Posted by: littlejill | August 14, 2007 at 08:24 AM
Oh, Tangie... you are such a trooper. These things are never easy, but you are handling it with grace.
My mother called me to tell me - I have been the recipient of his kindness before, and I know he will be much missed.
Let me know if you need help fulfilling your dream.
Lots of love,
~a
Posted by: amyf | August 14, 2007 at 08:35 AM
Tangie,
My love goes to you, your sisters and your sweet mother. I couldn't stop thinking about you guys yesterday...I love you all! I was sad to hear my kind Uncle had passed from this world. I wish I could say something that would make it better. Your words were beautiful and I know that he will always be with you and your family. I can't say that I know how you're feeling but I want you to know that my prayers are with you and that as your family...I love you!!
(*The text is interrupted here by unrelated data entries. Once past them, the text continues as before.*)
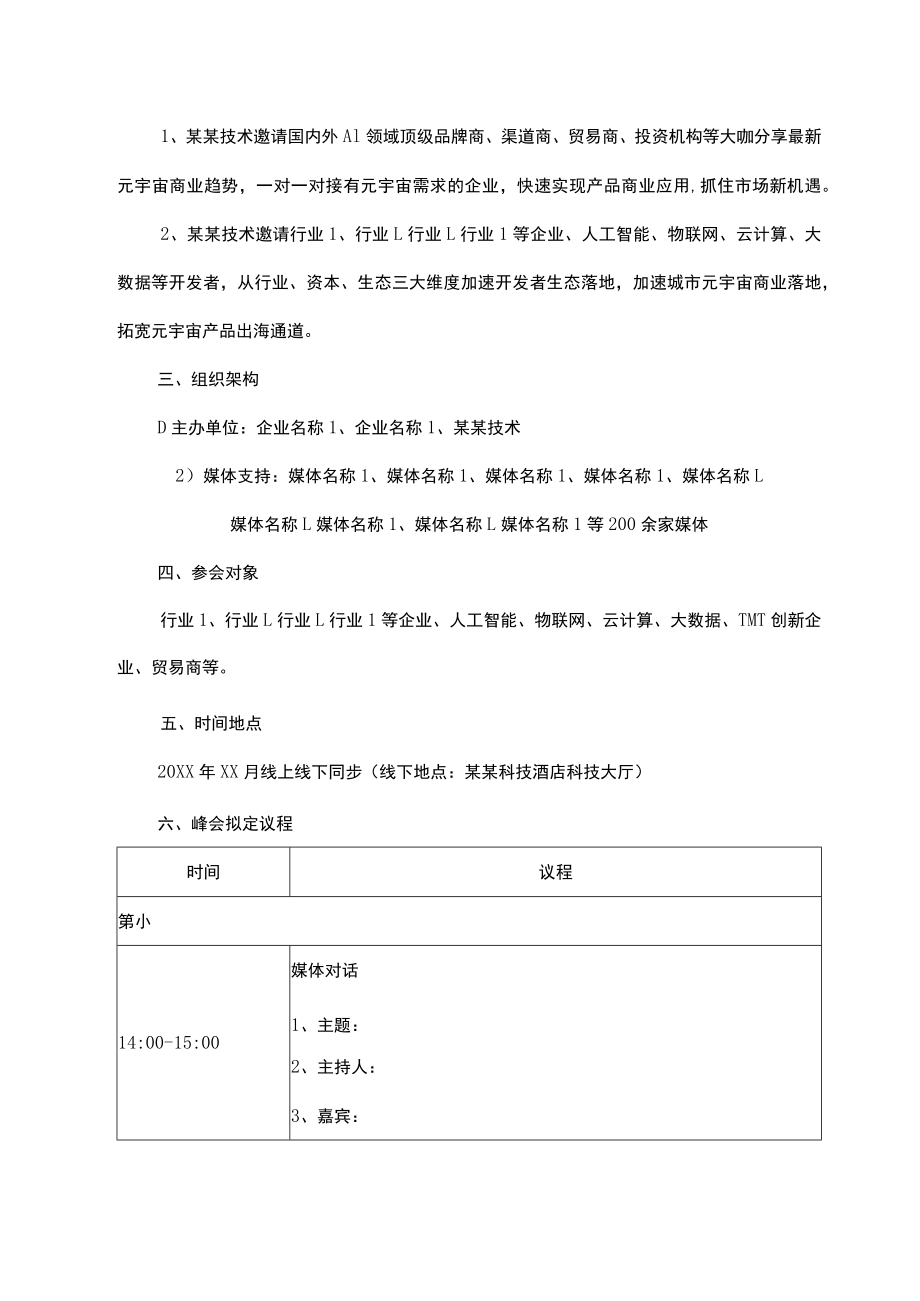 科技公司商业活动峰会方案范文模板.docx_第2页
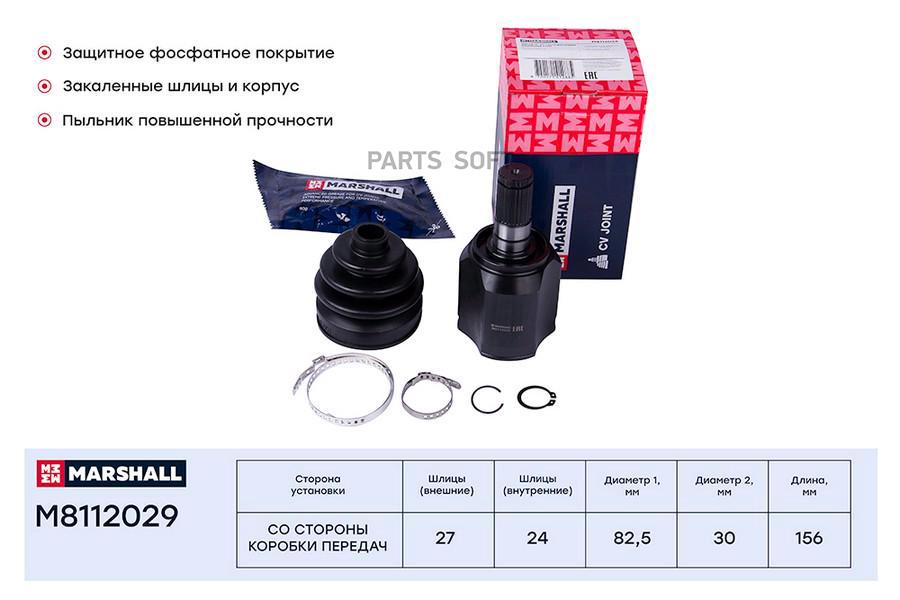 ШРУС внутренний левый Kia Sportage 10-; Hyundai Tucson 10- ;- ;OEM 495923W300; 495922Y200;
ШРУС внутренний левый Kia Sportage 10-; Hyundai Tucson 10- ;- ;OEM 495923W300; 495922Y200;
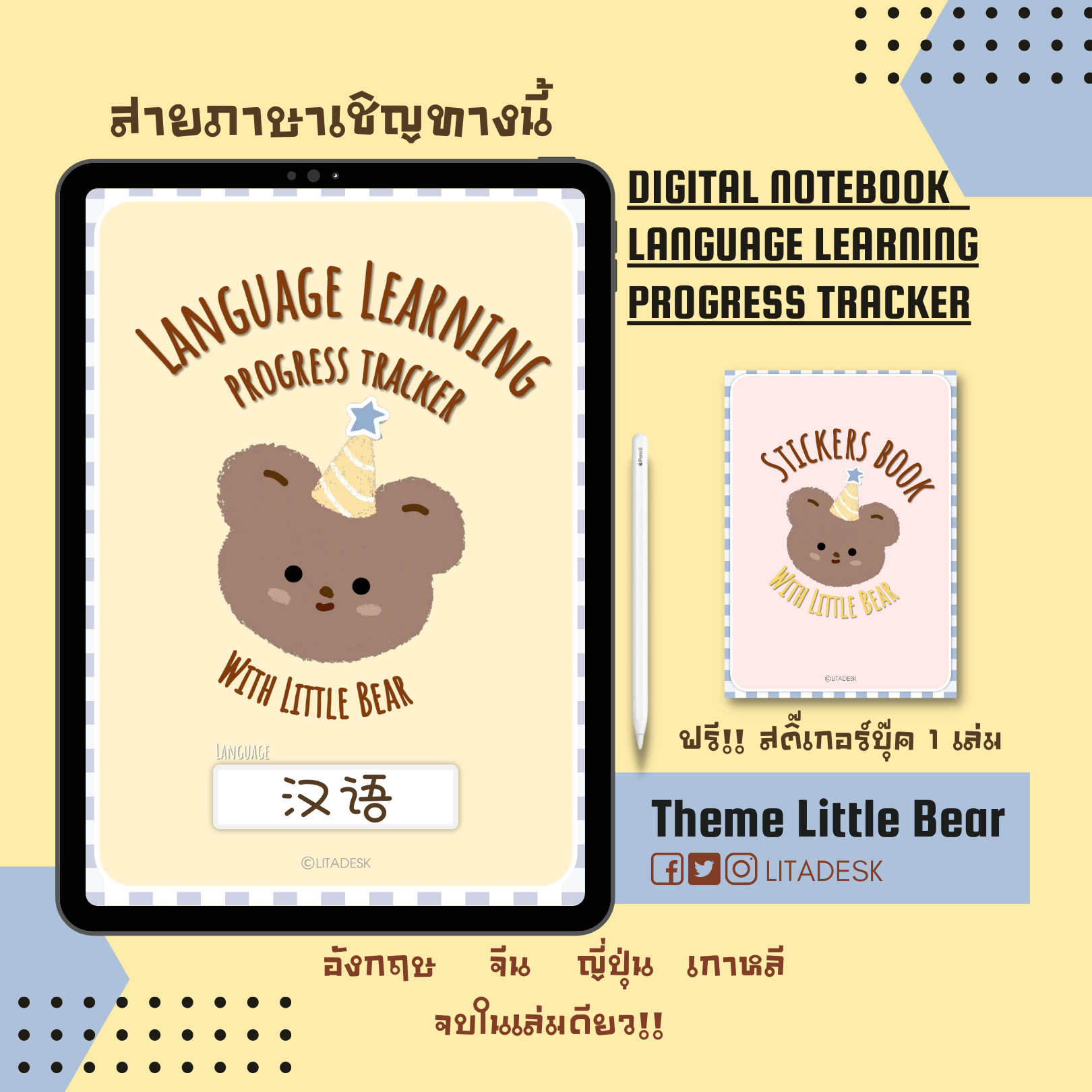 Digital Notebook For Language Learning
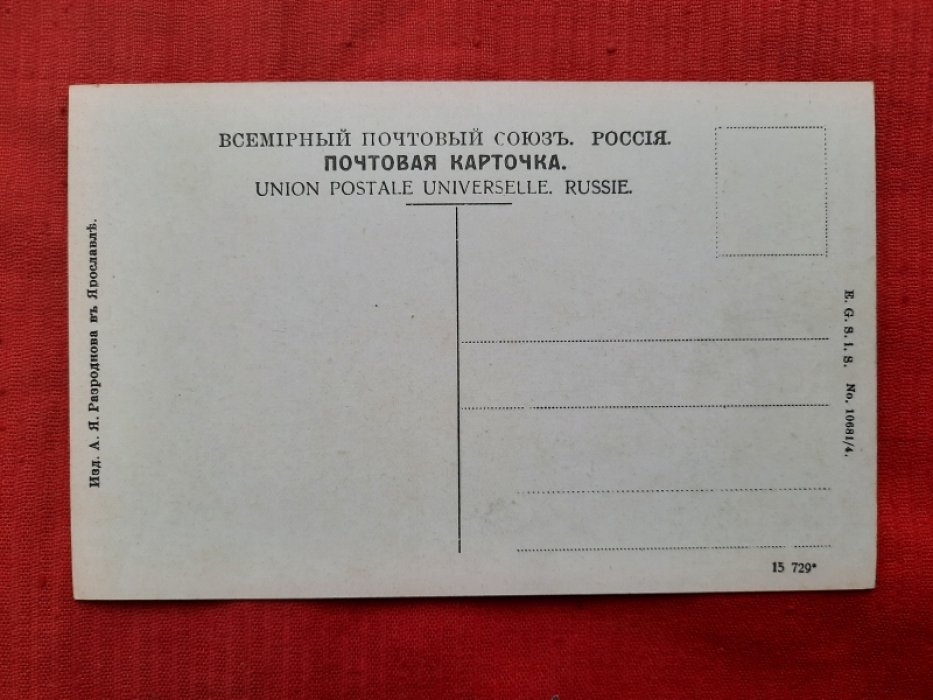 Открытка - Ярославль. Большая Рождественская ул. Цветная, чистая, Российская Империя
Posted by: Jordan | August 14, 2007 at 01:06 PM
Hi Tangie: I am so saddened to hear of this news. He was such a great person and always had a smile on his face. You are such an amazing person and I look up to you for being able to be so strong through this. Your words are comforting. I am here for you and your family should you need anything. I love you guys! Love - Joy
Posted by: Joy Rae | August 14, 2007 at 01:38 PM
Oh Tang- My heart is breaking for you. I am so shocked and sad to hear about your Dad. My deepest condolences to you and your wonderful family. Please let me know if there is anything I can do. Loves, Liz
Posted by: Liz | August 14, 2007 at 05:03 PM
Tangie,
The things you wrote brought tears to my eyes. I can't tell you how my heart just broke when I heard the news.
I know your dad must be one of the most wonderful men in all the world, because he has some really awesome daughters!
Loves to you and your family.
xoxoxo
Posted by: Ashley | August 15, 2007 at 03:41 PM
what beautiful words to celebrate the memories he left behind. Here's wishing you comfort!
Posted by: Liz | August 16, 2007 at 07:31 AM
Tangie, you are such a writer. It runs in the family, does it not? It made me cry. I am so sad for your loss and the tough times you are in. Its such a blessing that we all got together and expressed our love one last time. Your dad was the best, we will miss him so much. We're keeping you in our prayers. Love, Rainey
Posted by: Rainey | August 16, 2007 at 01:54 PM
That was a great post. I can't wait to help your dream of opening the shop come true. He will be so proud of you and counting on you to keep things going at remax. Good luck and thanks for passing along your strength!
Posted by: camilla Wright | August 22, 2007 at 01:45 AM
Tangie,
I just read this again and wanted to let you know how much I loved everything you said.
Your dad was amazing...I'm just sad that I am getting to "know" him now!